The role of other anaplerotic substrates in metabolism can also be clarified using iMFA. Pyruvate is particularly important for the TCA cycle, as it can generate both oxaloacetate (via pyruvate carboxylase) and acetyl-CoA (via pyruvate dehydrogenase). Each route generates a unique set of isotopomers, complicating reaction flux determination from MDVs [62]. A modified iMFA model of whole-body glucose production and gluconeogenesis was used to understand how loss of pyruvate carboxylase impacts metabolic homeostasis in liver-specific pyruvate carboxylase knockout mice. iMFA showed that liver gluconeogenesis from TCA anaplerosis in the pyruvate carboxylase knockout mice was less than 15% of wild type liver. However, loss of pyruvate carboxylase depleted NADPH and glutathione to increase liver oxidative stress and inflammation [63]. In our study of human endothelial cell metabolism, iMFA showed that more pyruvate was routed through pyruvate dehydrogenase than pyruvate carboxylase, and that pyruvate dehydrogenase fluxes changed under metabolic inhibition while pyruvate carboxylase fluxes remained relatively stable [25].
Pathway discovery
iMFA also enables the discovery of new metabolic pathways. When simulated MDVs cannot fit the experimental MDVs, the metabolic network model must be modified. This process often suggests alternative metabolic pathways to then be tested experimentally. In lung cancer cells grown as spheroids or monolayers, iMFA initially could not fit simulated fluxes to the spheroid isotopomer labeling data because citrate showed reductive carboxylation but palmitate, which is produced from citrate, did not. The metabolic network model was then modified so that citrate produced by reductive carboxylation in the cytosol entered the mitochondria, where it mixed with mitochondrial citrate prior to being exported back to the cytosol for palmitate synthesis. This alteration significantly improved the simulation fit. Cytosolic citrate transport into the mitochondria was then validated experimentally using citrate transporter knockout cells [64]. iMFA was also used to uncover evidence that transketolase-like protein 1 (TKTL1) cleaves xylulose-5-phosphate to yield glyceraldehyde-3-phosphate and acetyl-CoA in mammalian cells, since including the TKTL1 reaction was the only way to achieve an acceptable fit [65]. In our study on endothelial metabolism, we initially could not fit the simulation to the experimental data due to excess unlabeled pyruvate. By iteratively modifying the model, we identified a novel four-carbon source that fed into the malate-pyruvate shuttle as a potential source for these unlabeled carbons [25].

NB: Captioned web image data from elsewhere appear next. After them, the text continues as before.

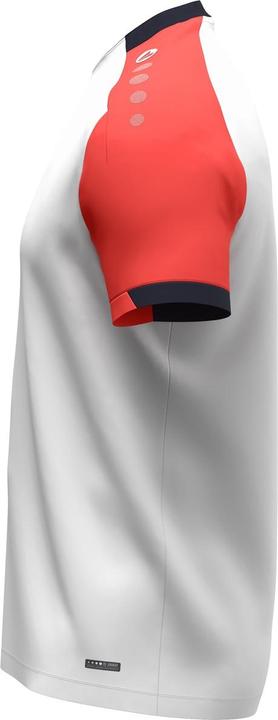 Actual product image JAKO T-Shirt Dynamic (4XL)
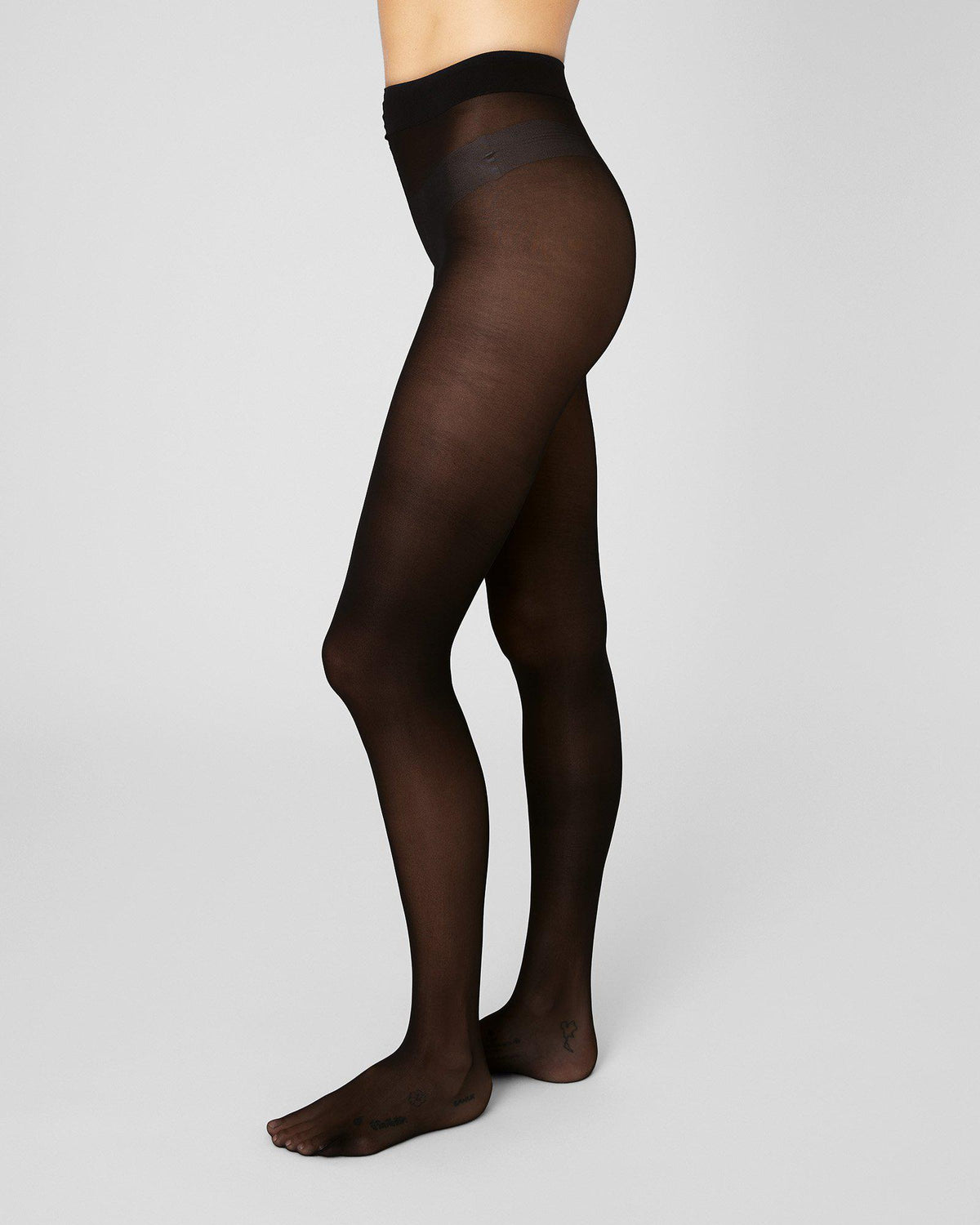 Nora Perfect Everyday Tights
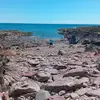 robert - @robert.riordan - TikTok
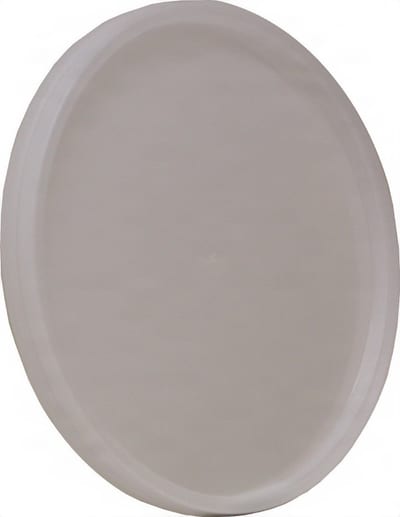 Woodshield Spare lid (fits bucket 5250)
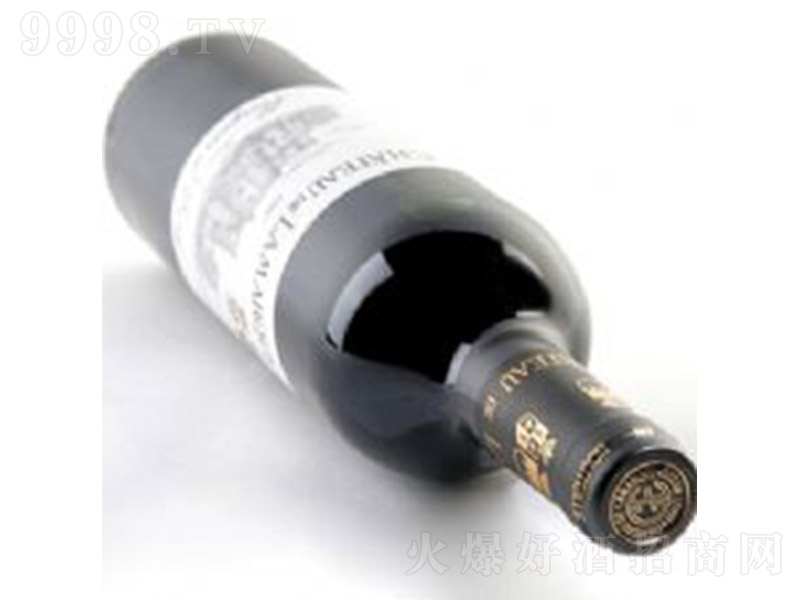 ���R���f�@�ɼt���Ѿơ�750ml��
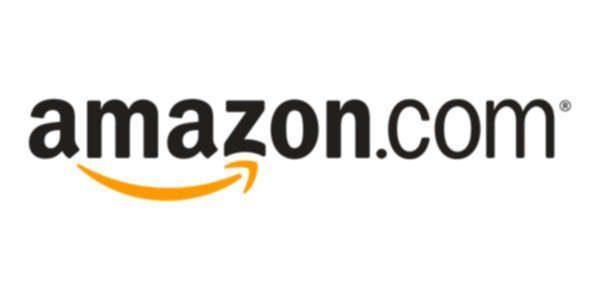 Amazon Prime Orders a New Show From Steve McQueen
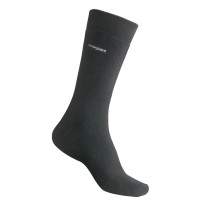 12 Paires - Chaussettes de travail Coverguard Arborea...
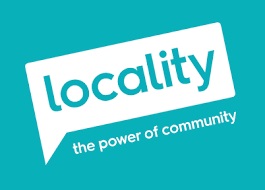 Locality to provide HPPG with Direct Support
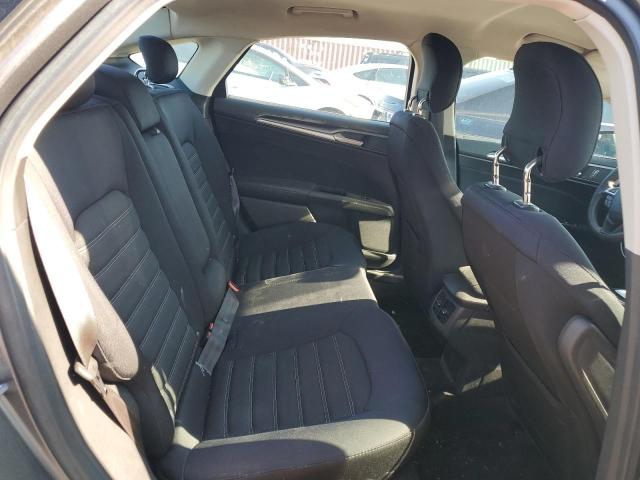 Photo 10 from auction – 2013 FORD FUSION SE with VIN 3FA6P0H79DR207313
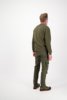 HEROCK Torex broek HEROCK Torex broek
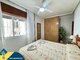 Продается 3 комнатная квартира Испания, Torrevieja (11 Фотография)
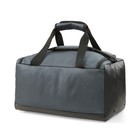 Сумка Puma Training Sportsbag S X (7885202) - Фото 2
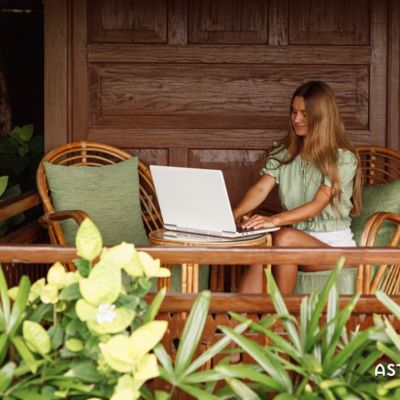 Ημερήσιες Προβλέψεις για όλα τα Ζώδια 29/06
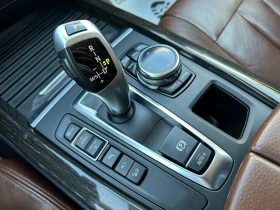 BMW X5 3.0i 306 к.с. XDrive - 35999 лв. - 47935151 13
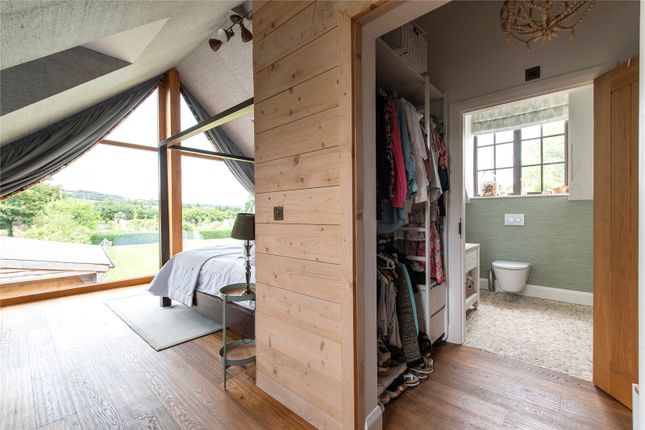Coach House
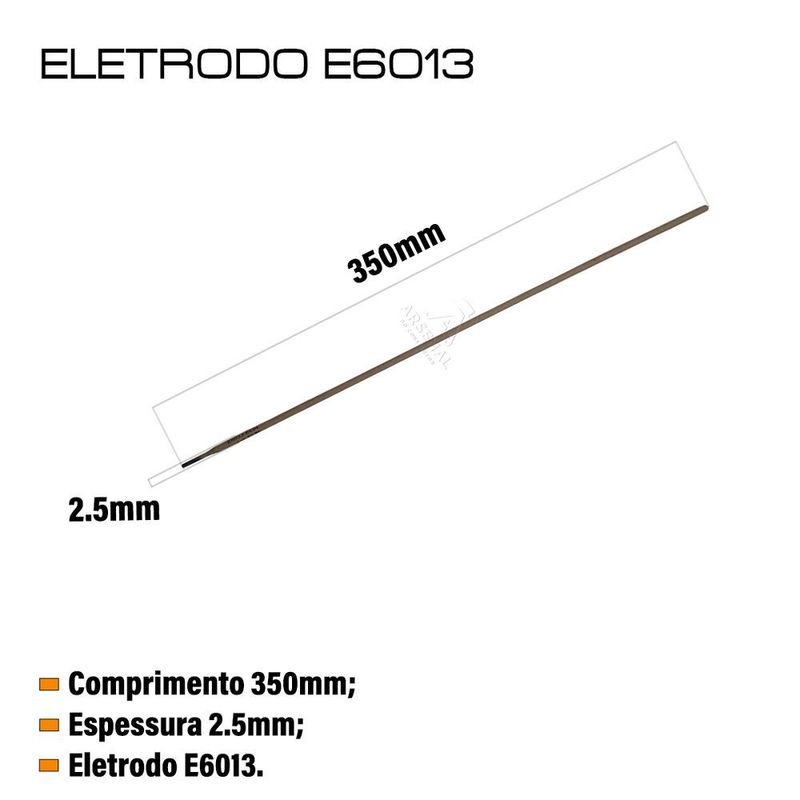 MKP005815000023-5
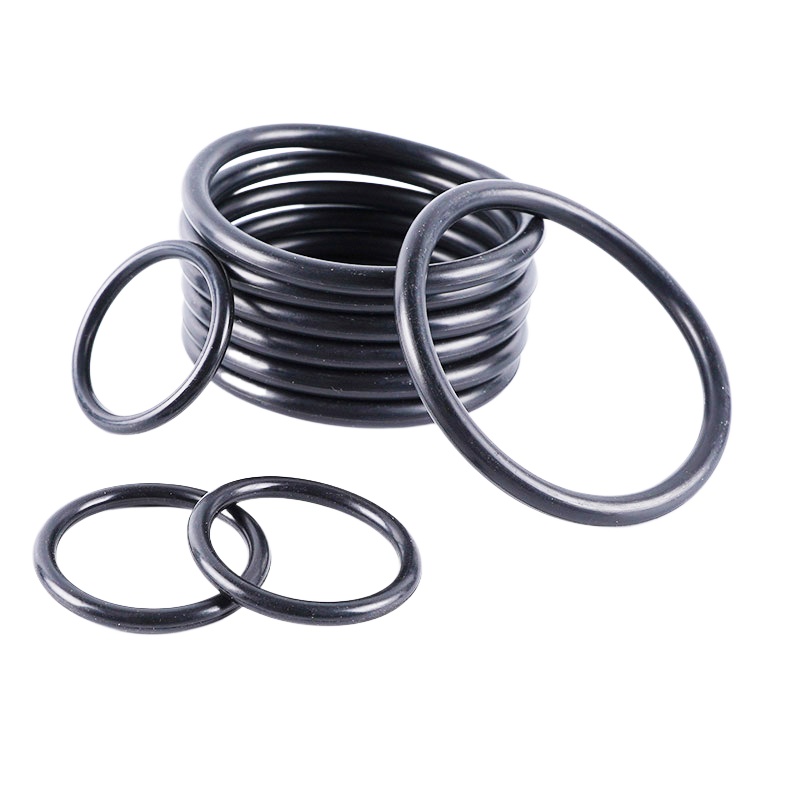 NBR O Ring Sealing Gasket, Nit - Auto Repair Cs ulasan dan harga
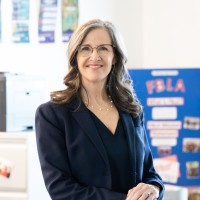 Judy Girard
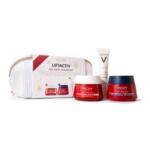 Vichy Liftactiv B3 XMAS 2024. 50ml+50ml+15ml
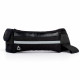 Pochete Esportiva Neoprene Personalizada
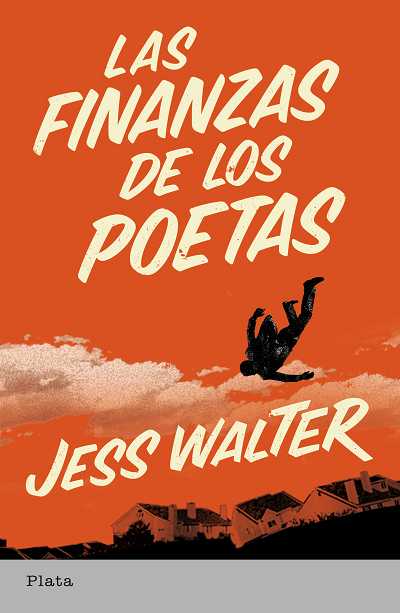 FINANZAS DE LOS POETAS,LAS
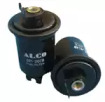 ALCO FILTER SP-2078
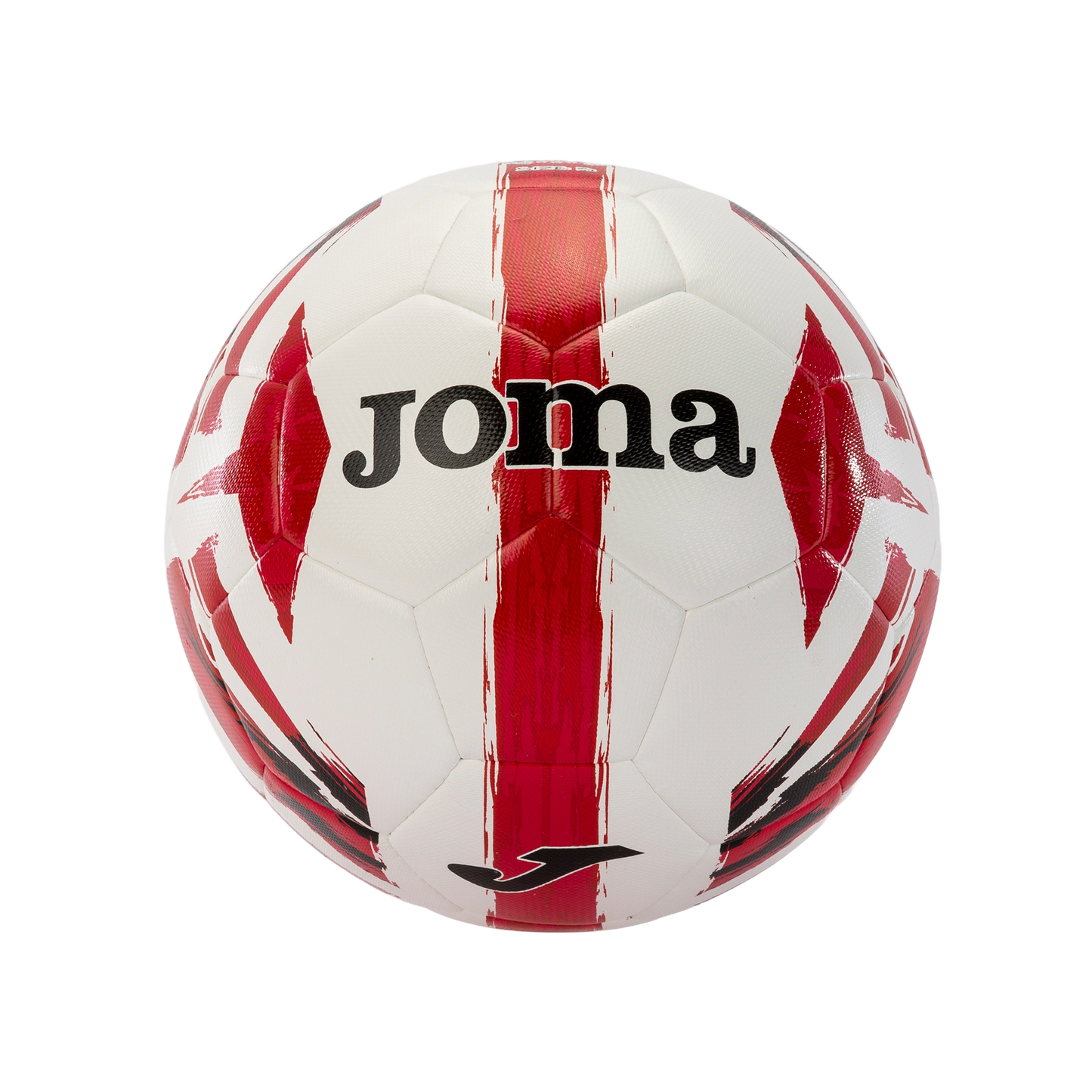 12 x JOMA LIGHT FODBOLD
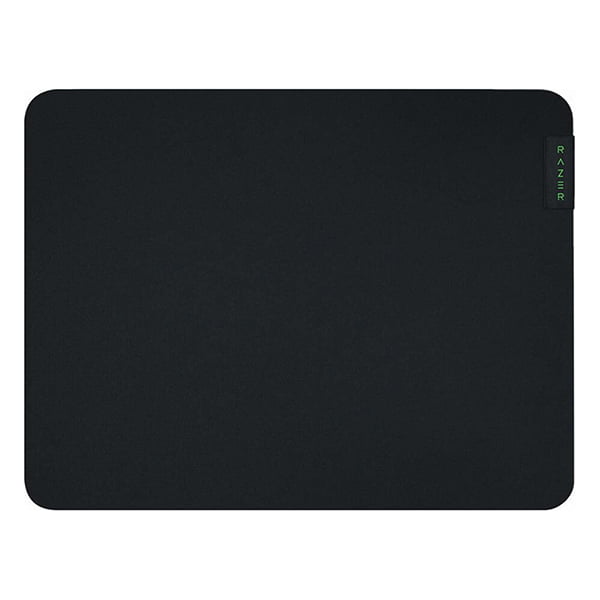 Razer Cynosa Lite US Chroma + Viper Mini + Gigantus V2 Medium 3 in 1 Bundle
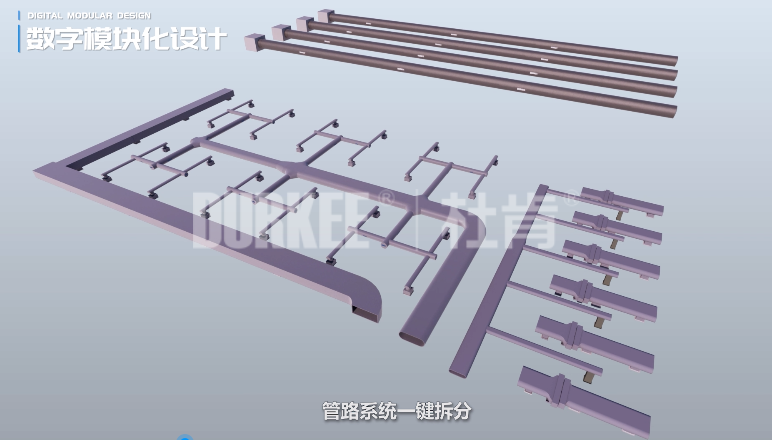 尊龙凯时网娱乐最新版柔性复合风管数字？榛杓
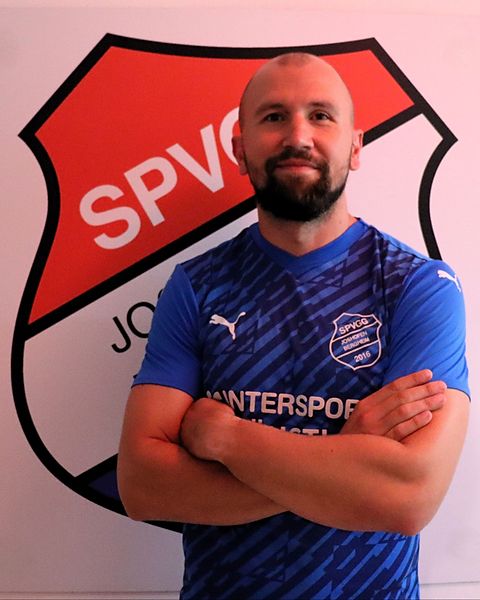 Foto: Matthias Schwarz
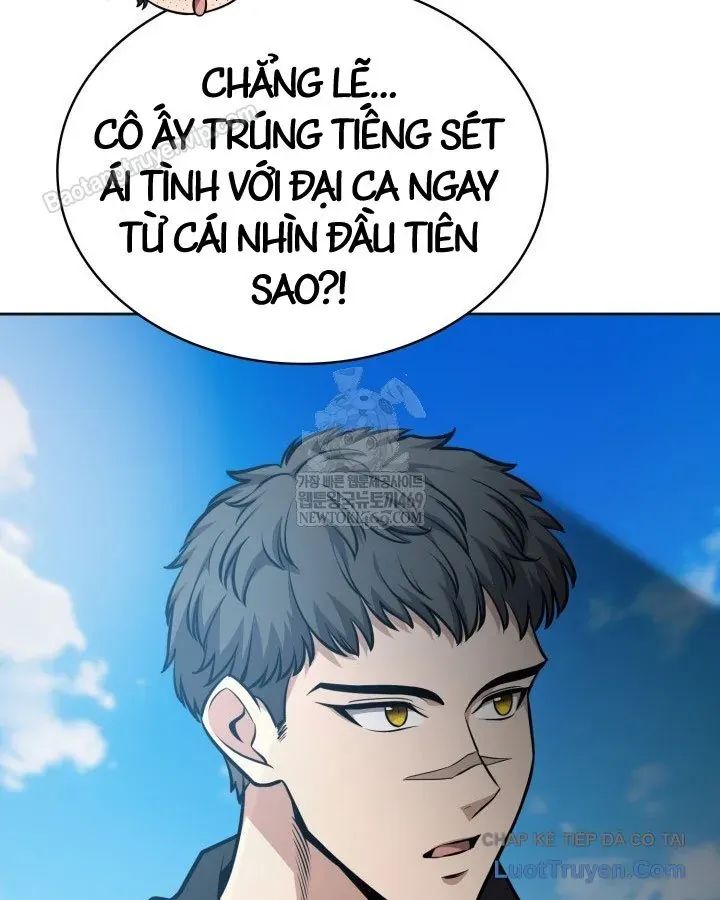 Bắt Cóc Long Nữ Chap 29 - Next Chap 30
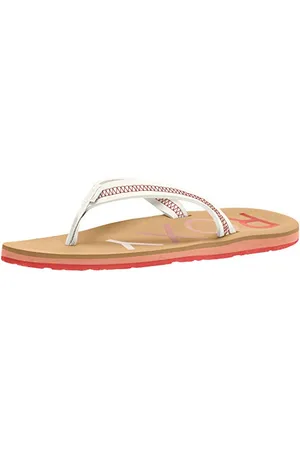 Roxy Femme Tongs Vista Sandal Sport, , 42 EU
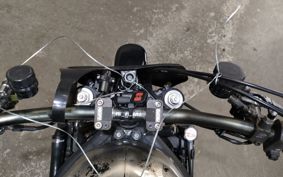 HONDA VTR1000F SC36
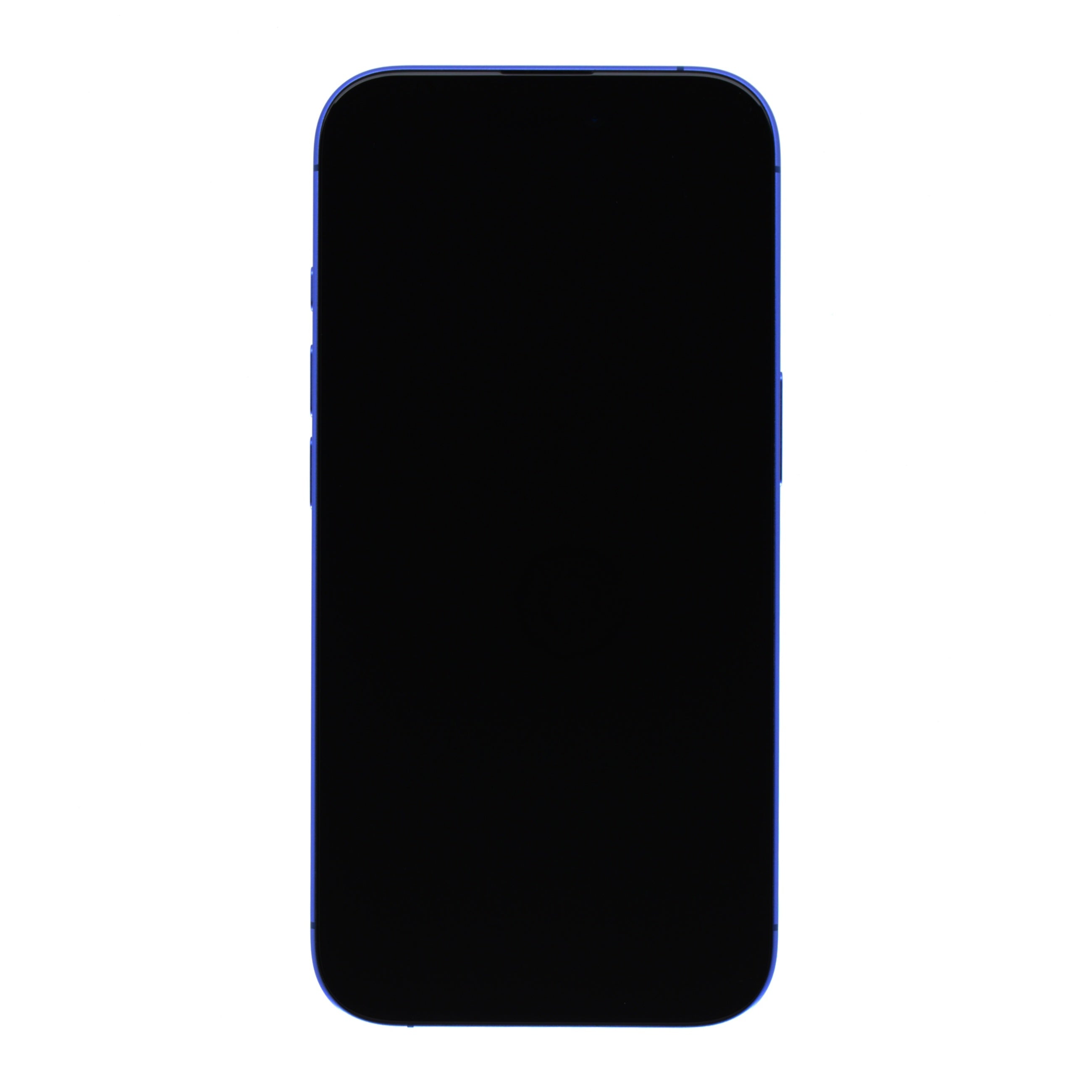 95新 Apple iPhone 16 256G 群青色 中國大陸版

Compartmentalization and cell-cell interactions
iMFA can analytically parse data that was mixed experimentally back into separate model compartments. In a study of Chinese hamster ovary cells, the initial iMFA model produced a poor fit due to low labeled pyruvate, alanine, lactate, and glutamate levels. A second model, which included a mitochondrial compartment separate from the cytosol, successfully fit the data. This model further predicted that malic enzyme, which catalyzes conversion of malate to pyruvate, was only active in mitochondria [42].
Cell co-culture systems, which are vital to understand physiological interactions among cells, are even more complex to analyze metabolically. Co-cultures have multiple cell types each with their own extracellular and intracellular fluxes. Experimentally, co-cultures can be created with varying degrees of interaction (Figure 4). Conditioned media experiments keep the cells distinct, enabling extracellular and intracellular metabolite separation; Transwell experiments allow cells to interact through the media while separating cells via a permeable membrane, enabling intracellular metabolite separation only; and direct co-culture mixes the cells and their metabolites. A combination of these experimental techniques is likely needed to describe metabolic interactions in a co-culture.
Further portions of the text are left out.